• **WHAT NEEDS TO BE DONE**: Among the records that follow, find the line with "Kate Middleton vira" and the line with "Saint Laurent Sean Sandal | Thumbnail 5 Saint". Set down those lines and all lines between them exactly, without adding anything.

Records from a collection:
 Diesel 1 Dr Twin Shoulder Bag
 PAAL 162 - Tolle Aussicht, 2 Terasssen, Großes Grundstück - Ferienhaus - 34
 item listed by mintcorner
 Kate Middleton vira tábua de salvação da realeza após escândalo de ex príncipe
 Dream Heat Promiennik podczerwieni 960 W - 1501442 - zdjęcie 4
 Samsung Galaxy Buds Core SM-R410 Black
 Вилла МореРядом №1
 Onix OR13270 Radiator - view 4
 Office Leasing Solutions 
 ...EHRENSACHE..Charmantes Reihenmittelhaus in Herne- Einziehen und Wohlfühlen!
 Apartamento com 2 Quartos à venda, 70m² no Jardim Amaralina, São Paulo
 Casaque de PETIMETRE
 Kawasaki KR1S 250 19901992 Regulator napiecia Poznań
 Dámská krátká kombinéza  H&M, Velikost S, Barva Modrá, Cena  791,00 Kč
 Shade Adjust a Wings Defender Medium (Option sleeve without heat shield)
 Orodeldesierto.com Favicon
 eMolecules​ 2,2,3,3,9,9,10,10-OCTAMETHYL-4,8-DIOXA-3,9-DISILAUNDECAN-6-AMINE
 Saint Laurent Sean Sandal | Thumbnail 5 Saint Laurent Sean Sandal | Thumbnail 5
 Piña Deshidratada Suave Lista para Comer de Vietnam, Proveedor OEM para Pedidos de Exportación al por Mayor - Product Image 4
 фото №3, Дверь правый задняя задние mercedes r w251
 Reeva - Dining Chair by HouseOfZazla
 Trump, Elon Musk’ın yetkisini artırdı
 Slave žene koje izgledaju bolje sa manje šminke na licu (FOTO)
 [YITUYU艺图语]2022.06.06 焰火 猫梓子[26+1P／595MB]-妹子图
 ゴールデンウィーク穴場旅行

• **OUTPUT BELOW**:
 Kate Middleton vira tábua de salvação da realeza após escândalo de ex príncipe
 Dream Heat Promiennik podczerwieni 960 W - 1501442 - zdjęcie 4
 Samsung Galaxy Buds Core SM-R410 Black
 Вилла МореРядом №1
 Onix OR13270 Radiator - view 4
 Office Leasing Solutions 
 ...EHRENSACHE..Charmantes Reihenmittelhaus in Herne- Einziehen und Wohlfühlen!
 Apartamento com 2 Quartos à venda, 70m² no Jardim Amaralina, São Paulo
 Casaque de PETIMETRE
 Kawasaki KR1S 250 19901992 Regulator napiecia Poznań
 Dámská krátká kombinéza  H&M, Velikost S, Barva Modrá, Cena  791,00 Kč
 Shade Adjust a Wings Defender Medium (Option sleeve without heat shield)
 Orodeldesierto.com Favicon
 eMolecules​ 2,2,3,3,9,9,10,10-OCTAMETHYL-4,8-DIOXA-3,9-DISILAUNDECAN-6-AMINE
 Saint Laurent Sean Sandal | Thumbnail 5 Saint Laurent Sean Sandal | Thumbnail 5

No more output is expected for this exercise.